Short descriptive text snippets:
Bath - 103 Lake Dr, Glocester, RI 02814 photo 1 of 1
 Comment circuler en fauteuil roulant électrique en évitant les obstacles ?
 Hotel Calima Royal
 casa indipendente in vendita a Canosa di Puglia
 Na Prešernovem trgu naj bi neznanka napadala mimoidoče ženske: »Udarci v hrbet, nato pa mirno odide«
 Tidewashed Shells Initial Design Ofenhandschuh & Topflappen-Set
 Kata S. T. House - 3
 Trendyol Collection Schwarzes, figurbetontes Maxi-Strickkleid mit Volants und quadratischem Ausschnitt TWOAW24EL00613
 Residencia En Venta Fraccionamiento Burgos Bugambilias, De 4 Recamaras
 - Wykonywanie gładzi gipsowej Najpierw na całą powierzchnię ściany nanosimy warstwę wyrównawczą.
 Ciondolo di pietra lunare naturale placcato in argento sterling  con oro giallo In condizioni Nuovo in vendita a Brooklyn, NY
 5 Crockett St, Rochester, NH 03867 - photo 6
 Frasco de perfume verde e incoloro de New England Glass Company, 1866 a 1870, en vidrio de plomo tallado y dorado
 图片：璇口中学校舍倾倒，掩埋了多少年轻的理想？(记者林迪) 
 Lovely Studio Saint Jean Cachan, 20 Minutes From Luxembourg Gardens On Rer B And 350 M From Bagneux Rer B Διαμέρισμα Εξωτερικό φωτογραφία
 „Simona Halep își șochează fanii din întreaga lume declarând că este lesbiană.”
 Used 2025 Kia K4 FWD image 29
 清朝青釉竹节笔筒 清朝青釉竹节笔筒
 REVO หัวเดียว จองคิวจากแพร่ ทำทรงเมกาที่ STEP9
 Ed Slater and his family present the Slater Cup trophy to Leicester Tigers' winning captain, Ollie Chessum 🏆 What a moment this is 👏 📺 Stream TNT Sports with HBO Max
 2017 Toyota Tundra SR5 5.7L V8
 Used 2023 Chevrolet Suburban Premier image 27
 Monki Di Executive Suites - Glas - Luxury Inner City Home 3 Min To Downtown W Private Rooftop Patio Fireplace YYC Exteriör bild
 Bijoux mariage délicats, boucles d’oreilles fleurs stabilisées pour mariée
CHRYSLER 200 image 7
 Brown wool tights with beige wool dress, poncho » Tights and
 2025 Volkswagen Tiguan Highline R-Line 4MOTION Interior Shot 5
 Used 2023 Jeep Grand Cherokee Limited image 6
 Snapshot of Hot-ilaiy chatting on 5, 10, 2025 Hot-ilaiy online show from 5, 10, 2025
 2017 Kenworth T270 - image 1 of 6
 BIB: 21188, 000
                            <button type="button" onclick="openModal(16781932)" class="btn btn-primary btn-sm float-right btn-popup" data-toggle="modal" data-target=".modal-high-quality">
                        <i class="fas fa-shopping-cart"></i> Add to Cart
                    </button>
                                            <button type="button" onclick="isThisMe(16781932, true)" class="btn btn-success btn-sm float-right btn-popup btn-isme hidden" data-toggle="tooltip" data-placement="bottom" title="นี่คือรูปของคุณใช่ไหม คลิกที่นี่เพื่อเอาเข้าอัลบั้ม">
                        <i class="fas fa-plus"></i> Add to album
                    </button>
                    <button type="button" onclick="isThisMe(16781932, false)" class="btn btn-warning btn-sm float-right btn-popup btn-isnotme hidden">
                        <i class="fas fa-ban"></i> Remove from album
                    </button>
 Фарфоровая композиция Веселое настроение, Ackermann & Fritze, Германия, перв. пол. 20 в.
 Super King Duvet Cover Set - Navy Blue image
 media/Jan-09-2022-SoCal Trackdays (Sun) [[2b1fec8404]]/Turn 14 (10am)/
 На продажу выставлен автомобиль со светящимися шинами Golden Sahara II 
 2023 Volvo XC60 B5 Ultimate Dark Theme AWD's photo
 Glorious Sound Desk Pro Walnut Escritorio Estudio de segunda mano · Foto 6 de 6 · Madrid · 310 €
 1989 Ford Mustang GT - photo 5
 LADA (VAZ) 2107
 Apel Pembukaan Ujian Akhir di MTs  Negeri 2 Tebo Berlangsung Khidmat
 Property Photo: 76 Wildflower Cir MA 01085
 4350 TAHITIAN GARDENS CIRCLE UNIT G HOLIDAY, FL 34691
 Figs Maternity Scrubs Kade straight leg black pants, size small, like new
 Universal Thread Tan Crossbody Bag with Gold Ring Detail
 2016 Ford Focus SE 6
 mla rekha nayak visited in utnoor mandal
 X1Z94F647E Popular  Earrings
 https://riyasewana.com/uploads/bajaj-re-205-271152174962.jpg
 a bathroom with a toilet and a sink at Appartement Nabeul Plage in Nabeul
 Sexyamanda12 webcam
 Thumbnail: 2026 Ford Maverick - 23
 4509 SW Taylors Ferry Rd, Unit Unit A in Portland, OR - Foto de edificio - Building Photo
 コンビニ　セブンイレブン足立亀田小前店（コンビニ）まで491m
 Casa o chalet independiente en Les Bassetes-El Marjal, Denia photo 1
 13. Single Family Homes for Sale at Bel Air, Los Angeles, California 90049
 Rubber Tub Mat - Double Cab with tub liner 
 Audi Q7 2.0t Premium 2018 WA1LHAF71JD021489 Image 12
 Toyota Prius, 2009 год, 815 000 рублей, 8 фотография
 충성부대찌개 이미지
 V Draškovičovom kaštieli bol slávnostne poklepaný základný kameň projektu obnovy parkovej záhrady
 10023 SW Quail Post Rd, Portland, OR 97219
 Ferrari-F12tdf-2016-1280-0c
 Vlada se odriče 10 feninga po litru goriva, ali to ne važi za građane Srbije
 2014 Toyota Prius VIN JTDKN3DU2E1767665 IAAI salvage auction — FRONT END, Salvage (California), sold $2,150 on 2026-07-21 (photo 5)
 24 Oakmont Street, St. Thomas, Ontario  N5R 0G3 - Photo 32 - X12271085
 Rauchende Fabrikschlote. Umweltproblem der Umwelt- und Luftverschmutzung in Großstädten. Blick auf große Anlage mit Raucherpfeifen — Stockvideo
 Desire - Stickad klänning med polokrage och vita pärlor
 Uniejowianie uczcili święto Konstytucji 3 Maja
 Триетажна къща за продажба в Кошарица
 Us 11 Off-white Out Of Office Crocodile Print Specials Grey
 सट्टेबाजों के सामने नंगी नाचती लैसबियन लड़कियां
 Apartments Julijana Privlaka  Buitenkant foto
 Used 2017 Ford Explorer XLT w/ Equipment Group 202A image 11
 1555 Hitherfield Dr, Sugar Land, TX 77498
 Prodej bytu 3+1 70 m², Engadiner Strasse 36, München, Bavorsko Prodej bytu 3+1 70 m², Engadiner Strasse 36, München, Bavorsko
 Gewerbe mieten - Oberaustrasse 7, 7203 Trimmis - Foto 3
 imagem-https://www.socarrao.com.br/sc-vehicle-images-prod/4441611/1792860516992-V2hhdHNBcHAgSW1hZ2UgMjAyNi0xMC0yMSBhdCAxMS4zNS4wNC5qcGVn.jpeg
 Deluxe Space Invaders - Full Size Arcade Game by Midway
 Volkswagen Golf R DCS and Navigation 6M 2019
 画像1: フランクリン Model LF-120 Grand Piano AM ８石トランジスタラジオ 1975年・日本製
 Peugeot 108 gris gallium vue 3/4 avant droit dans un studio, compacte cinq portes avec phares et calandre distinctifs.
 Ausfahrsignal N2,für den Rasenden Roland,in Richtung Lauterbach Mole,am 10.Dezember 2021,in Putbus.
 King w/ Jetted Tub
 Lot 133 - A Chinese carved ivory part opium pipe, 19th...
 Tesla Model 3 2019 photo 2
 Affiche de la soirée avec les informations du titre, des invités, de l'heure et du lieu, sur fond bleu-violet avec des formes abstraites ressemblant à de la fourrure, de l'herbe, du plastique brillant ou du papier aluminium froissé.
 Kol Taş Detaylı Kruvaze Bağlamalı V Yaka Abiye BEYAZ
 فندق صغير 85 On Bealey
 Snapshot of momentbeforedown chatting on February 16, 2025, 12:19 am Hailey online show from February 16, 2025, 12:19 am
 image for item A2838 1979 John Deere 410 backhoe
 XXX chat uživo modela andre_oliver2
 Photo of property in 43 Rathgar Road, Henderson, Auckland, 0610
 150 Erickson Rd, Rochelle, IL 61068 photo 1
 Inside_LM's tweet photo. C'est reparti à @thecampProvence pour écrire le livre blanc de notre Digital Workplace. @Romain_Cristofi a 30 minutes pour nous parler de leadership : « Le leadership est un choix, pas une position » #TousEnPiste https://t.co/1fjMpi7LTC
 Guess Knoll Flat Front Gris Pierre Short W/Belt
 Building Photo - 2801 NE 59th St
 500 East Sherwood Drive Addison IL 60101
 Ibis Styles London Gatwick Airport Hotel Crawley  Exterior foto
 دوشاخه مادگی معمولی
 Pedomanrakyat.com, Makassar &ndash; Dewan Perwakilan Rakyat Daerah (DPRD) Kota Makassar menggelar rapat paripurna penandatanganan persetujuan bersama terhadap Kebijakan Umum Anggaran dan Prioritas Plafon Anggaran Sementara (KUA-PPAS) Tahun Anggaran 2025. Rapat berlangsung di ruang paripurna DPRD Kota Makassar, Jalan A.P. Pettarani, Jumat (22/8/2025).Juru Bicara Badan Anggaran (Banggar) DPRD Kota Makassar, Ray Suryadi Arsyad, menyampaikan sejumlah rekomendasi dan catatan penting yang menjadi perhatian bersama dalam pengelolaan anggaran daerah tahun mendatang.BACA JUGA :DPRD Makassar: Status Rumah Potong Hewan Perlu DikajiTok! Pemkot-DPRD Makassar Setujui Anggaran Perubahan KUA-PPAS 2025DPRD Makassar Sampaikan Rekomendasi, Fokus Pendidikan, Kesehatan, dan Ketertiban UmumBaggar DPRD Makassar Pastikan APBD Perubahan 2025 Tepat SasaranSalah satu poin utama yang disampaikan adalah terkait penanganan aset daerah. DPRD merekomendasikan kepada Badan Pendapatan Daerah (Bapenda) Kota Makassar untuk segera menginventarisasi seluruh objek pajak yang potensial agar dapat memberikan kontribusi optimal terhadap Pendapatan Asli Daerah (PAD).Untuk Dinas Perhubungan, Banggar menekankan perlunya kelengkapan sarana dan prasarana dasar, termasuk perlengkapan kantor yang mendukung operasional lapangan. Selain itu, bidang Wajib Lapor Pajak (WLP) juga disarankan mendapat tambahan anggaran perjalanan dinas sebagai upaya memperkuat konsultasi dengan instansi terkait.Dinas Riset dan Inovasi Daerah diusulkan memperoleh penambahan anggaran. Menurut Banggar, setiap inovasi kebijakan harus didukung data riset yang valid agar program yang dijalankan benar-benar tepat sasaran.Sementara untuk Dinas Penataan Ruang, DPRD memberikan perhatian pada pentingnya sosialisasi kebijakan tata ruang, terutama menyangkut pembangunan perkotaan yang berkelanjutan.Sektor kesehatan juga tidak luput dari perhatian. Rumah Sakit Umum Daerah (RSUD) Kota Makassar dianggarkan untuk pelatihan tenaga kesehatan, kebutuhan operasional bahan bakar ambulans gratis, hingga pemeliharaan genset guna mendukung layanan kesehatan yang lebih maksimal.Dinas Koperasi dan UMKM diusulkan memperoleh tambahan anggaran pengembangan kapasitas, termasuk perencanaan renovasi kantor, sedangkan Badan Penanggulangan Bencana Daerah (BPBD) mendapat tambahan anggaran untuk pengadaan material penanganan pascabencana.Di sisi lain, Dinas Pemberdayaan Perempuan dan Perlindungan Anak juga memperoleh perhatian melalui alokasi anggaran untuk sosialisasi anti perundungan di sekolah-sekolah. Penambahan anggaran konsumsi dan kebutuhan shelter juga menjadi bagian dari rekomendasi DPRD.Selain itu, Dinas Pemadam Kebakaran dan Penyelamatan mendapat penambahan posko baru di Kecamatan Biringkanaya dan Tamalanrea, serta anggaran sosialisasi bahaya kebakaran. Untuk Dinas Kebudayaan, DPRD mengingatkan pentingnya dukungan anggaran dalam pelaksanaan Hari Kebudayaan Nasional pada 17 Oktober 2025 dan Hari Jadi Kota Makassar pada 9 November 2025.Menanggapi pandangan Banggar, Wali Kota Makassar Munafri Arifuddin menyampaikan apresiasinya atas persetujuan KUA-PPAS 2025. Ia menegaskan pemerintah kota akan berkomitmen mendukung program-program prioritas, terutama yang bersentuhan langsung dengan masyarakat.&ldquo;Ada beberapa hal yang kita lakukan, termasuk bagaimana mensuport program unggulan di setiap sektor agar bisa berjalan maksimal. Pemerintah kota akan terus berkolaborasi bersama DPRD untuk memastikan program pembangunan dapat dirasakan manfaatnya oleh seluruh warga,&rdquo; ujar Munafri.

**REQUIRED ACTION:** Set down, exactly as they appear above, all lines from the one that has "Us 11 Off-white" down to the one that has "Gewerbe mieten - Oberaustrasse", including those two and no others.

**WORKED SOLUTION:**
 Us 11 Off-white Out Of Office Crocodile Print Specials Grey
 सट्टेबाजों के सामने नंगी नाचती लैसबियन लड़कियां
 Apartments Julijana Privlaka  Buitenkant foto
 Used 2017 Ford Explorer XLT w/ Equipment Group 202A image 11
 1555 Hitherfield Dr, Sugar Land, TX 77498
 Prodej bytu 3+1 70 m², Engadiner Strasse 36, München, Bavorsko Prodej bytu 3+1 70 m², Engadiner Strasse 36, München, Bavorsko
 Gewerbe mieten - Oberaustrasse 7, 7203 Trimmis - Foto 3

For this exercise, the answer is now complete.